Some of the techniques that work to get students to discuss hot button issues in a respectful way can also be used in Zoom classrooms, with a few twists, Daneels said. 

For instance, she recommends a strategy called “structured academic controversy,” in which students work in teams of four and consider a hotly debated question. For example, students might tackle the question of whether the electoral college should still be used to determine who is elected president. Two students are required to take one position, and the other two are assigned the other position–no matter what their personal beliefs are. Each team tries to convince the other, and then they switch perspectives, and try again. Finally, the group works to come to a consensus, informed by their own take on the topic. The format can still work online, Daneels said, since Zoom and other platforms allow for “breakout rooms” where students can do group work. 

Another exercise–“philosophical chairs”–can be tweaked for an online-only environment. Students are given a topic to debate that has a relatively clear yes or no answer, such as “should we raise the federal minimum wage to $20 an hour?” Students read a common text and come up with their opinion – yes, no, or undecided. Then the class holds a discussion, where kids argue their own position. 

If this activity is taking place in person, students are encouraged to move around the room as their position changes based on their classmates’ arguments. On Zoom, kids could change their username to “Yes,” “No,” or “Undecided”–or they could hold up a green, yellow, or red object to reflect their thinking as the discussion progresses. The class could use the Zoom chatbox to respond to arguments in real time. 
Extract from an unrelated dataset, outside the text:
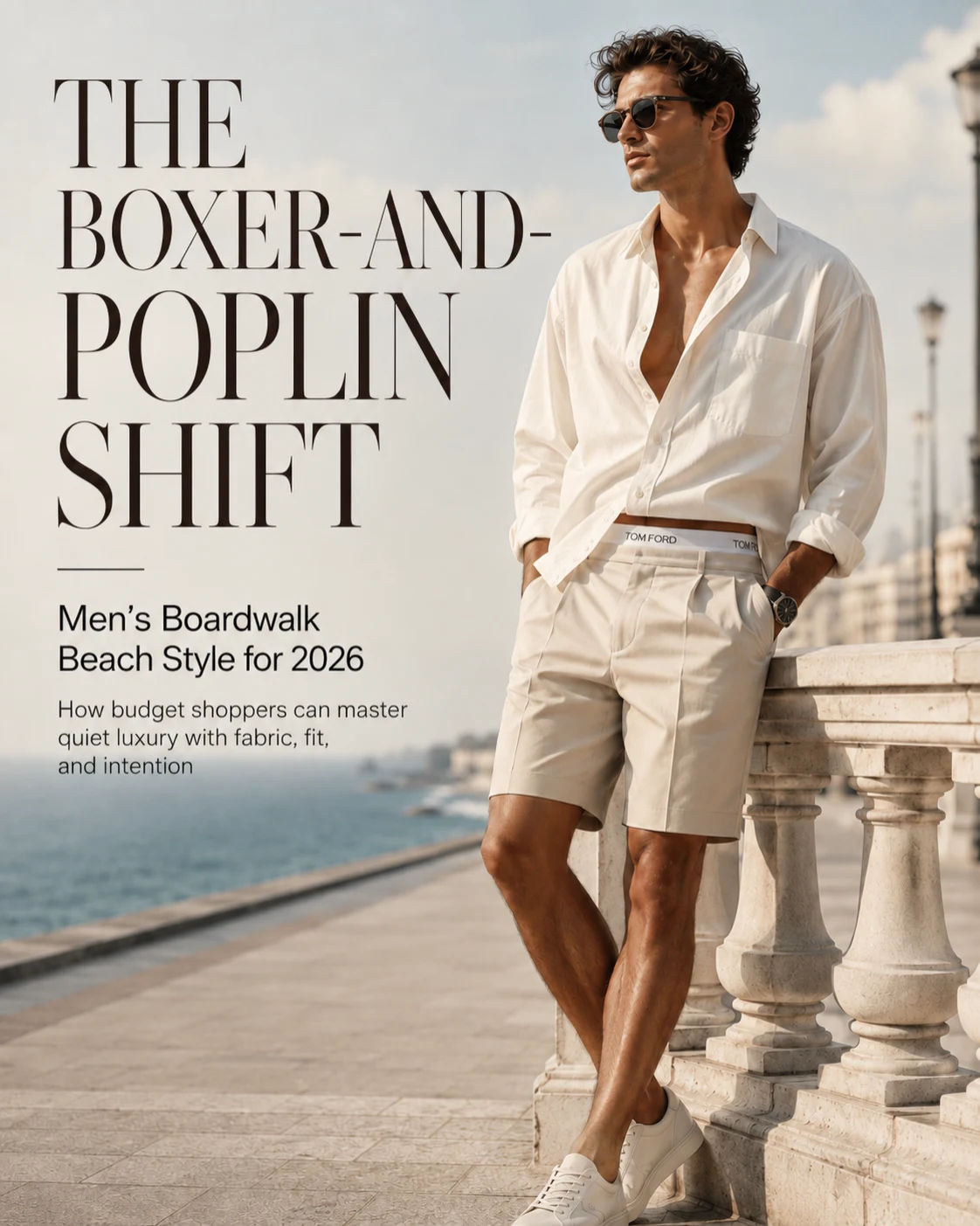 The Men's Boxer Takeover: Poplin Shorts Claim the Ultimate Boardwalk Crown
Students can also respond to a prompt in Padlet or on a Google jam board or another online forum for discussion and write back to one another silently. That’s especially good for a prompt that might be “more emotionally charged,” Daneels said.  

Having students talk about an issue in small groups can be great for discussion, but it isn’t easy to pull off when all the students are remote, said Matt Wdowiarz, who teaches 5th grade at Winfield Central School in Illinois, near Chicago. 

“The challenge is going to be finding ways to break out the groups fast enough,” Wdowiarz said. “It’s going to be a matter of being a little bit more patient with the flow of time. There’s so much going on right now with just how do we do things efficiently with the tech we have. That’s been the dominant struggle.”

That’s why Daneels encourages teachers to just start with one activity and master it, and allow students to master it, before moving on. 

“If you’re getting stressed out using this new technology, your students are probably getting stressed out using this new technology,” Daneels said. 

What’s more, teachers shouldn’t be afraid to tell their students that creating a classroom community and teaching content online doesn’t come naturally to them. 

“It’s really good for us to say as teachers we need to figure this out together because this is new for all of us,” Johnson said. “Kids may offer suggestions of new techniques or tools to use, but it’s also good modeling. Being a little bit vulnerable and saying ‘I don’t know how to do this, and ‘this is hard for me, too’ is a good way to connect with students. If we’re teaching civics, we gotta practice what we preach.”

A version of this article appeared in the October 07, 2020 edition of Education Week as Talking Civics in Remote Classes in 2020: What Could Go Wrong?